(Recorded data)
******************************
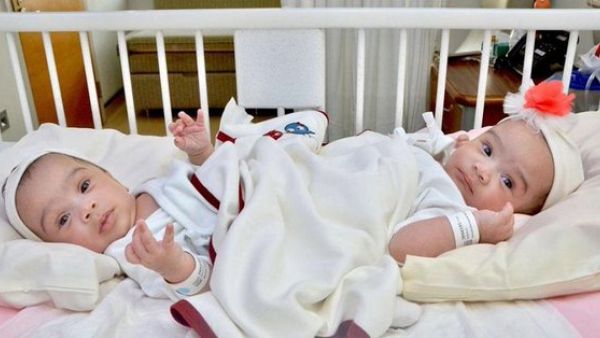 Saudi Siamese twins Sheikha and Shumukh  (Twitter)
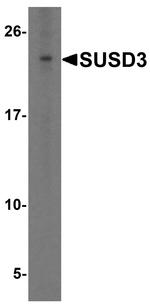 SUSD3 Antibody in Western Blot (WB)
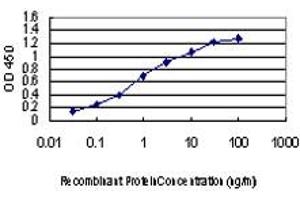 Detection limit for recombinant GST tagged IRAK2 is approximately 0. (IRAK2 anticorps  (AA 111-210))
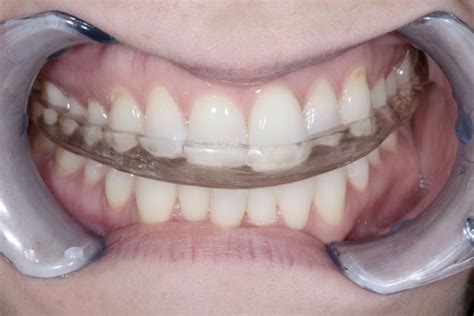 The doctor will select the most appropriate treatment, help restore a beautiful smile. Michigan Splint | News | Dentagama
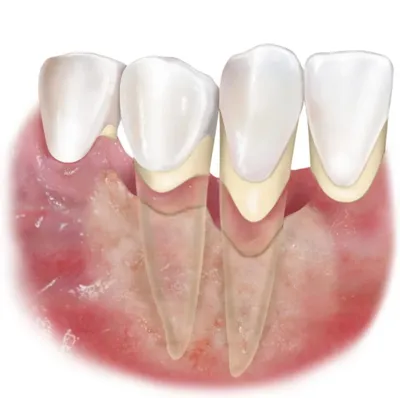 Хронический пародонтит легкой, средней и тяжелой степени — методы лечения в  статье Startsmile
******************************
WHAT NEEDS TO BE DONE —
Print the records exactly, every one. Leave out the pictures.

ANSWER AREA —
 Saudi Siamese twins Sheikha and Shumukh  (Twitter)
 SUSD3 Antibody in Western Blot (WB)
 Detection limit for recombinant GST tagged IRAK2 is approximately 0. (IRAK2 anticorps  (AA 111-210))
 The doctor will select the most appropriate treatment, help restore a beautiful smile. Michigan Splint | News | Dentagama
 Хронический пародонтит легкой, средней и тяжелой степени — методы лечения в  статье Startsmile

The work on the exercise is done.